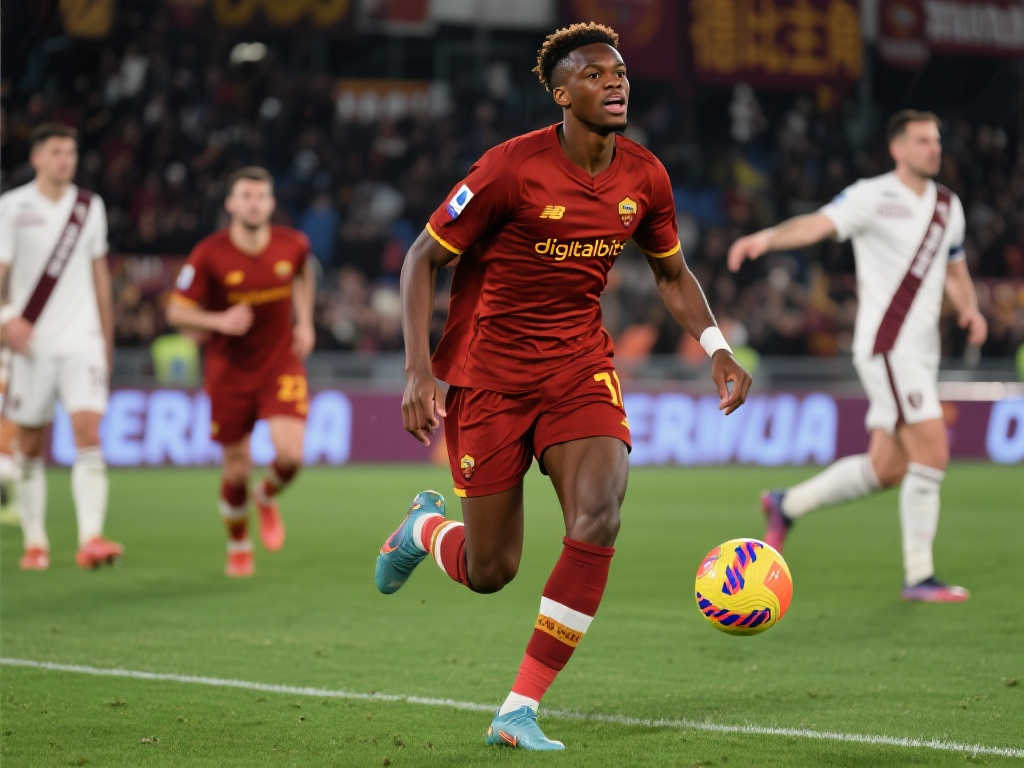 除此之外 除此之外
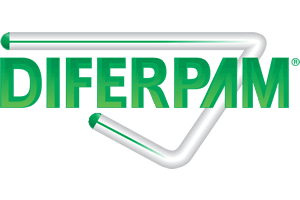 DIFERPAM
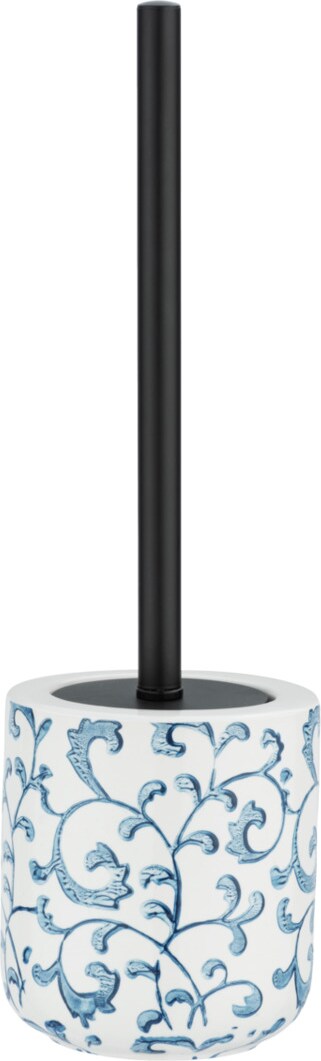 mobile_image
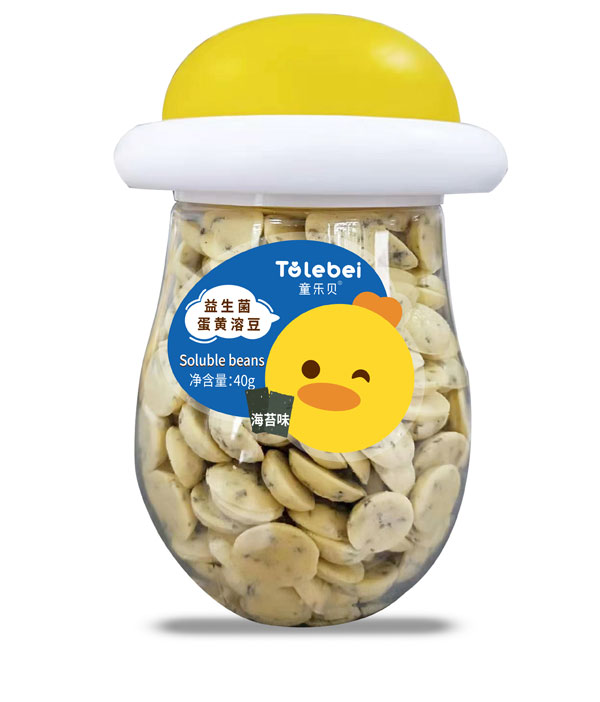 童樂(lè)貝益生菌蛋黃溶豆海苔�.jpg 童樂(lè)貝益生菌蛋黃溶豆海苔�.jpg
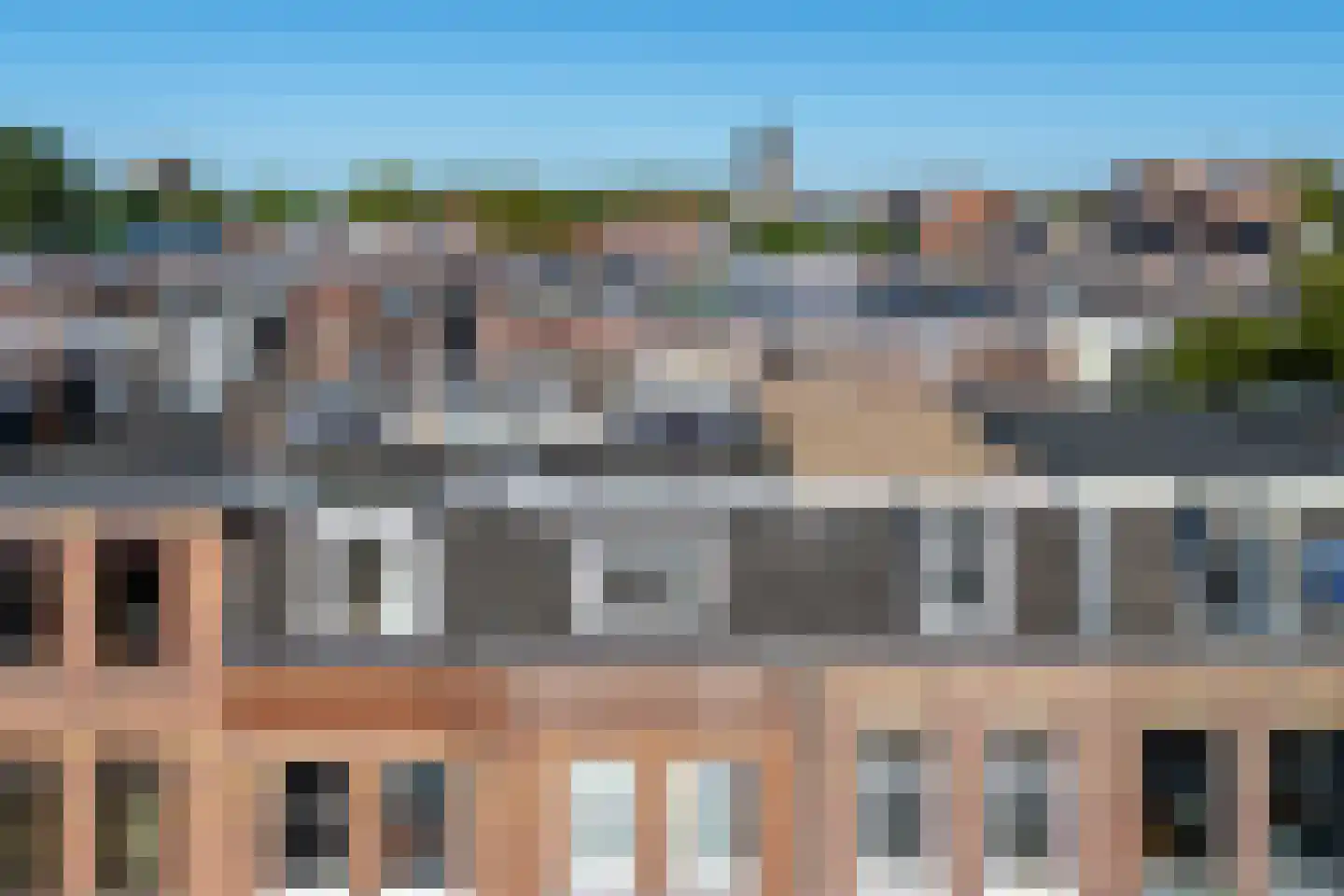 Narcisstraat 11 A Utrecht thumbnail 5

-- The problem --
Nothing but the pictures may be dropped as you repeat the listing above exactly.

-- Output below --
 除此之外 除此之外
 DIFERPAM
 mobile_image
 童樂(lè)貝益生菌蛋黃溶豆海苔�.jpg 童樂(lè)貝益生菌蛋黃溶豆海苔�.jpg
 Narcisstraat 11 A Utrecht thumbnail 5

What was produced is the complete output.